# Outside Faucet Vacuum Breaker - defeat or remove?



## tjtv (Sep 27, 2011)

Hi,

I have two outdoor faucets on my house. Each one is about 2 feet above ground level, and each one has a built in vacuum breaker onit. I've lived in this house for 6 months, and this has never been a problem up until now. Recently I have overseeded my entire lawn. I want to hook up water timers to the outdoor faucets so that my lawn gets watered automatically by sprinklers every 12 hours. However, when the water timer has the water shutoff downstream from the vacuum breaker on the faucet, water constantly leaks out of the vacuum breakers.

I've been reading up on these vacuum breakers, and the general opinion I've found on the internet is that they tend to create more problems than they've actually solved. Is there anything I can do to temporarily defeat or remove the vacuum breaker mechanism, so that I can use my water timers for the next month or so without worry about a water leak out of the vacuum breakers?


----------



## AllanJ (Nov 24, 2007)

If you can unscrew the vacuum breaker then just do that. But sometimes these vacuum breakers are screwed on in a fashion that they can't be removed easily.

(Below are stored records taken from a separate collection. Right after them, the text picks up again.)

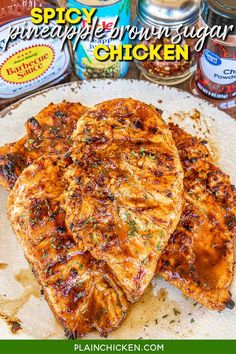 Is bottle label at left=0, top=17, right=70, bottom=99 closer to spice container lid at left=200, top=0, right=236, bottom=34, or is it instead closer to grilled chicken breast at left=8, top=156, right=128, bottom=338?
spice container lid at left=200, top=0, right=236, bottom=34

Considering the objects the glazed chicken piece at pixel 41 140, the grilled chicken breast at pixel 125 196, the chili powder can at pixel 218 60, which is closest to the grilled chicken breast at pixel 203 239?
the grilled chicken breast at pixel 125 196

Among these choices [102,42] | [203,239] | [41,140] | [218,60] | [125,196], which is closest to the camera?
[125,196]

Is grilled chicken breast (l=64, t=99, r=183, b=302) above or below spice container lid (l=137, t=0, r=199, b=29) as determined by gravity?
below

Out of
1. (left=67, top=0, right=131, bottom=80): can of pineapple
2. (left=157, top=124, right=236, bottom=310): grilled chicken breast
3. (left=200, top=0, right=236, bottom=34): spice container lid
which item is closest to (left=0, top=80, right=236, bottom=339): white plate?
(left=157, top=124, right=236, bottom=310): grilled chicken breast

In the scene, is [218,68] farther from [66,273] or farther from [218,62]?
[66,273]

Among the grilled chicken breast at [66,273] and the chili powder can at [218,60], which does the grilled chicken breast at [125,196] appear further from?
the chili powder can at [218,60]

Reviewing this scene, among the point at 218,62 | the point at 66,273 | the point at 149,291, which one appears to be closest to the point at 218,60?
the point at 218,62

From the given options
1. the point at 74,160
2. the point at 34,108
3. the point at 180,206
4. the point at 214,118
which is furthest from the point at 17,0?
the point at 180,206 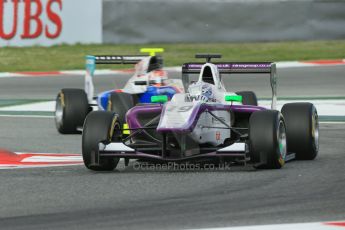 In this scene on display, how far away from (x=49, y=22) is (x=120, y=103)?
12175mm

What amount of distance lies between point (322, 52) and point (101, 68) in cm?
503

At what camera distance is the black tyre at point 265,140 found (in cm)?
1055

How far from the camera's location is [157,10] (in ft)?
87.7

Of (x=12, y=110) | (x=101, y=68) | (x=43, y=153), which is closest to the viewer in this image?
(x=43, y=153)

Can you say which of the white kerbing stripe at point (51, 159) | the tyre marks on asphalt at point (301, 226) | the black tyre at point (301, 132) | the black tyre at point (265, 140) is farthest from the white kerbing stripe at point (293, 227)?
the white kerbing stripe at point (51, 159)

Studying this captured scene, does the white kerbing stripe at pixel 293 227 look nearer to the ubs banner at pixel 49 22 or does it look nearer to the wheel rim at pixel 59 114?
the wheel rim at pixel 59 114

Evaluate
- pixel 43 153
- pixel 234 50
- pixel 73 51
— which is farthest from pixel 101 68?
pixel 43 153

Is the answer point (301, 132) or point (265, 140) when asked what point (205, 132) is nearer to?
point (265, 140)

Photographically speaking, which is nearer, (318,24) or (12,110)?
(12,110)

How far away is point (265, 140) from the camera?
416 inches

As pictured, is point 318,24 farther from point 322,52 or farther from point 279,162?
point 279,162

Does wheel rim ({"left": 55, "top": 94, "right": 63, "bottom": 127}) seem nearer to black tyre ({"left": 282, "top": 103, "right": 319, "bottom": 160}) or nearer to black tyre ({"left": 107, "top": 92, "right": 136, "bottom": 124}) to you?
black tyre ({"left": 107, "top": 92, "right": 136, "bottom": 124})

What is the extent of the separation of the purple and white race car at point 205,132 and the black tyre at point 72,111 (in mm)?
3241

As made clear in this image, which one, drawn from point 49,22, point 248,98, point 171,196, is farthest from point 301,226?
point 49,22
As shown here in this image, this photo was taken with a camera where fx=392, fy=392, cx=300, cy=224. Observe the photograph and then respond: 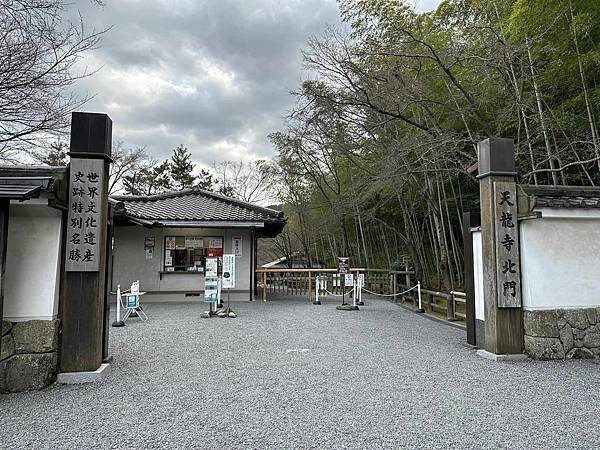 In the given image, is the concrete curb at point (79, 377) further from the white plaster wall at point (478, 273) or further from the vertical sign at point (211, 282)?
the white plaster wall at point (478, 273)

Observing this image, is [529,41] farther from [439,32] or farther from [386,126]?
[386,126]

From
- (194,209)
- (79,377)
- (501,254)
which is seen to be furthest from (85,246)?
(194,209)

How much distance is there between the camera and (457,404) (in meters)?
2.80

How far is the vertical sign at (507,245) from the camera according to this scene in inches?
159

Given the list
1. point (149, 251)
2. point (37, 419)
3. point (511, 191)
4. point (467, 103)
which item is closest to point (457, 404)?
point (511, 191)

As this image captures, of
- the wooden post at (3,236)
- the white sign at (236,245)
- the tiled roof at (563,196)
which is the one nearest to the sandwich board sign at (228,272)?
the white sign at (236,245)

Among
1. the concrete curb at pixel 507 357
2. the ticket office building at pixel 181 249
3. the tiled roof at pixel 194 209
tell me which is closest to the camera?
the concrete curb at pixel 507 357

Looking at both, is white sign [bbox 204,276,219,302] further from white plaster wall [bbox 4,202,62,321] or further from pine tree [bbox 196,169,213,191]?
pine tree [bbox 196,169,213,191]

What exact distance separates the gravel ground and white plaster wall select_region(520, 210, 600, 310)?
0.69 m

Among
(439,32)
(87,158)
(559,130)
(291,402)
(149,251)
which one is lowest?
(291,402)

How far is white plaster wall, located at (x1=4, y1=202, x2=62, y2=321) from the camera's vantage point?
3156 mm

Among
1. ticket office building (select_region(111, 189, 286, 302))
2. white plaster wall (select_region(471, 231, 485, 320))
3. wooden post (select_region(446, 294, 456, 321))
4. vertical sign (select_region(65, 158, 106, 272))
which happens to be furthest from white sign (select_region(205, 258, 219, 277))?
white plaster wall (select_region(471, 231, 485, 320))

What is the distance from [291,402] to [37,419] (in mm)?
1678

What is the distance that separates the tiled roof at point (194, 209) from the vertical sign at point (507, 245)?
597cm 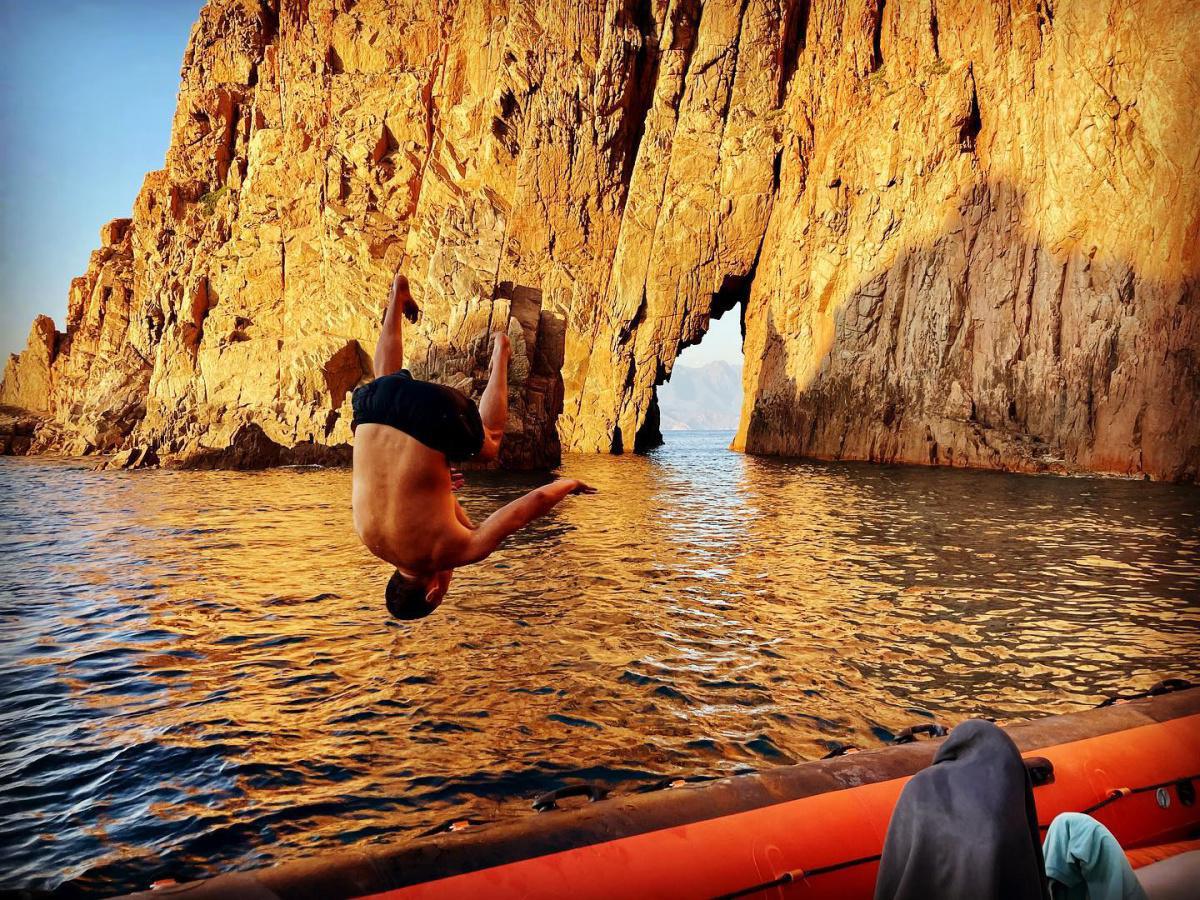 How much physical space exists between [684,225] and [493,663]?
39537mm

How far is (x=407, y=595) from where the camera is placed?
2.93 metres

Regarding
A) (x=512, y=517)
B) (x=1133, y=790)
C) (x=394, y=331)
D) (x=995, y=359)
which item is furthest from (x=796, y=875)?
(x=995, y=359)

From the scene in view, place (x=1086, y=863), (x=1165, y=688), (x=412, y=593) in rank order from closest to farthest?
(x=1086, y=863), (x=412, y=593), (x=1165, y=688)

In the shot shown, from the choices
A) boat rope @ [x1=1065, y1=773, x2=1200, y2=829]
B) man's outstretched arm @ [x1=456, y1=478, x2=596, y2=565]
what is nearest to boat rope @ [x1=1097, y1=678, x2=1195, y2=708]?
boat rope @ [x1=1065, y1=773, x2=1200, y2=829]

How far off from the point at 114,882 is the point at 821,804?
12.3 ft

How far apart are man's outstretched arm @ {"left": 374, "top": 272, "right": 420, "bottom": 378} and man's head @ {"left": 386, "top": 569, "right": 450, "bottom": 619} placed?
0.79 meters

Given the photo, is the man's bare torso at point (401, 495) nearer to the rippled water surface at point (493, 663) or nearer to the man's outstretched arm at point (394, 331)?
the man's outstretched arm at point (394, 331)

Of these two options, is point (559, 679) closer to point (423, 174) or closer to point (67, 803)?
point (67, 803)

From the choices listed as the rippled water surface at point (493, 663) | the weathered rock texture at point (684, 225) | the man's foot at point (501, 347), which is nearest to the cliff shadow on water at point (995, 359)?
the weathered rock texture at point (684, 225)

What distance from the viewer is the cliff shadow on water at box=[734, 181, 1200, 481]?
24.2 m

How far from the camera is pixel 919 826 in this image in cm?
180

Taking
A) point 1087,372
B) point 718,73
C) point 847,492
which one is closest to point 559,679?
point 847,492

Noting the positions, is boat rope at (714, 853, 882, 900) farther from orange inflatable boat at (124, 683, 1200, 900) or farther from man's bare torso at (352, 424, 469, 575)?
man's bare torso at (352, 424, 469, 575)

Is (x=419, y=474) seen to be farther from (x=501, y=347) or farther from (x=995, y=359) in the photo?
(x=995, y=359) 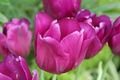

In some cities outside faucets must have vacuum breakers to reduce the chance of water in garden hoses from being sucked back into the plumbing system. With this in mind some manufacturers intended that a separately purchased vacuum breaker, once installed, be permanently in place. 

One version has a side screw whose head breaks off when tightened. YOu would have to carefully drill it out (without damaging the threads of the end of the faucet).


----------



## downunder (Jun 13, 2008)

Define what you mean by "constantly." 

Is this a hose unit or an installed irrigation system?

If I am reading correctly, is this a unit which was installed as part of the house plumbing or an add-on adapter for the hose?

The units I am familiar with are designed to drain more so than "leak" and as such will discharge for a moment. It is possible that the pressure and volume in the irrigation line (or hose) is causing an extended amount of drainage.

Is there any difference in the operation if you disconnect the water line?


----------